Wednesday, September 4, 2013

Reaping What We've Sown

It's been just over a year since my family moved from Brooklyn to England, which, although that can't possibly be right, is true. Also hard to fathom right now is the fact that summer is effectively over, but the facts support that claim, too.  (For instance, the kids are back in school today, hence the reason I have time to write this post.)

What follows is a roundup of what we've harvested this summer from the insects, animals and earth around us. We can't really take credit for most of it. The bumper crop of honey we harvested (see jars above) is obviously all down to those hardworking bees. The raw fleece, which I hope to both spin into yarn as well as make some felt from, is simply the byproduct of some sheep shearing. Even the vegetables from our garden, though we watered and weeded it, are a credit to forces way larger than any of my people. But we're taking up all of these gifts with as much gratitude as possible (all of my boys yesterday, unprompted by me I swear, said "Thank you, bees!" before digging into their chunks of oozing honeycomb after lunch).

Today I'll post about two of the four contributors to our harvest; the bees and the flowers. My next post will cover the animals and the earth.
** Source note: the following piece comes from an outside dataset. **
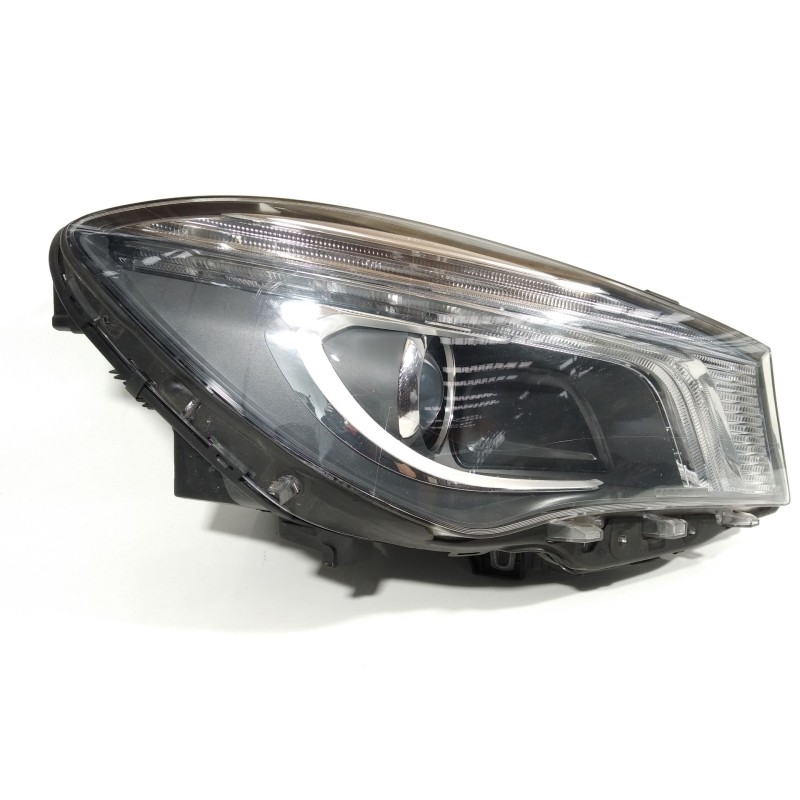 Recambio de faro derecho para mercedes-benz clase cla (w117) cla 200 cdi (117.301) referencia OEM IAM A1179065200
Henry has proven to be a natural at beekeeping, and his three hives have flourished in this first year. Charlie learned about bees at school last year and has been keen ever since, so he has his own suit and is Henry's very able bodied assistant.
Charlie especially loves smoking the bees. It chillaxes them before we take out the frames to extract the honey.
Those frames are heeeaaavy. Underneath all of those beautiful waxy combs is liquid gold.
Henry demonstrates how a pro slices off the top layer of comb before putting the frames into...
...the extractor bucket. A frame of honey gets stuck into either side of the metal cage. Turning a handle whizzes them around to get the honey out of the comb. Super high tech, very effective.
The extractor bucket has a spout at the bottom so you can pour your honey into jars. This batch is mostly made from oilseed rape blossom, which grow profusely on the farm and look like this:
In late spring the countryside is covered in beautiful swaths of these gold flowers. The seeds are harvested in the fall and pressed into cooking oil. This kind of honey eventually crystallizes and sets into hard white honey. Jake totally turns his nose up at grocery store honey now.
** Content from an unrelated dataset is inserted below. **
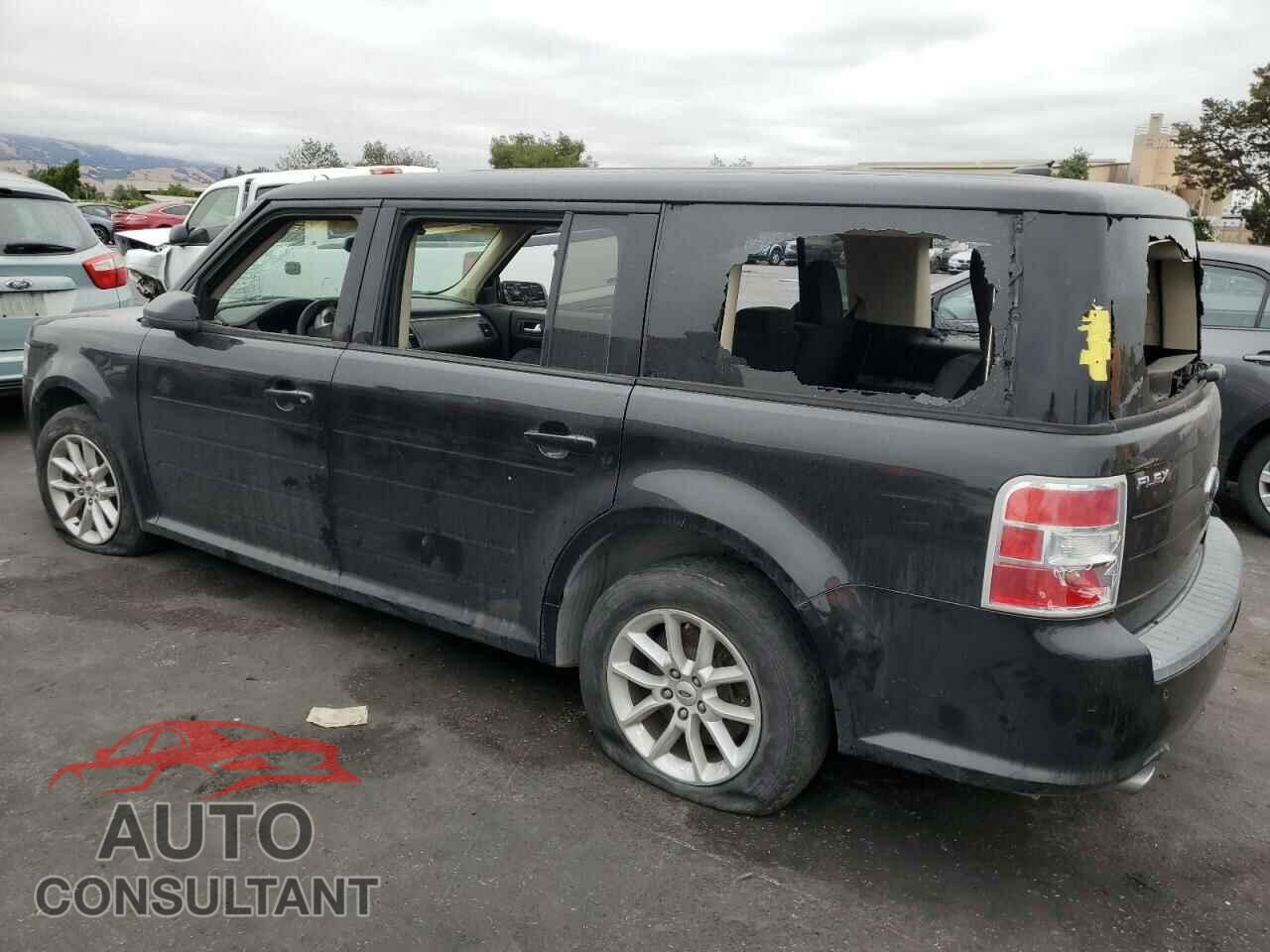 FORD FLEX 2013 - 2FMGK5B89DBD33032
I'm crap at identifying local flora and fauna, but in June I started picking up on the unmistakable scent of chamomile during my runs. I saw all these daisies out in the field, and on closer inspection found out that they were chamomile (which are a type of daisy). The boys helped me harvest a bunch of it, which I dried and put into jars. I don't love chamomile tea to be honest, but I might use it in bath salts or soap making.

Although I did gather some lavender from home, I have to confess that most of my supply this year was gathered in France, where our friends Dave and Rachel have a house lousy with lavender. We collected a LOT of it, and spent an afternoon around the table stripping the flowers from the stems. We carried it around in a pillowcase in the car as we cruised around France for several weeks. Now most of it is in jars in my studio.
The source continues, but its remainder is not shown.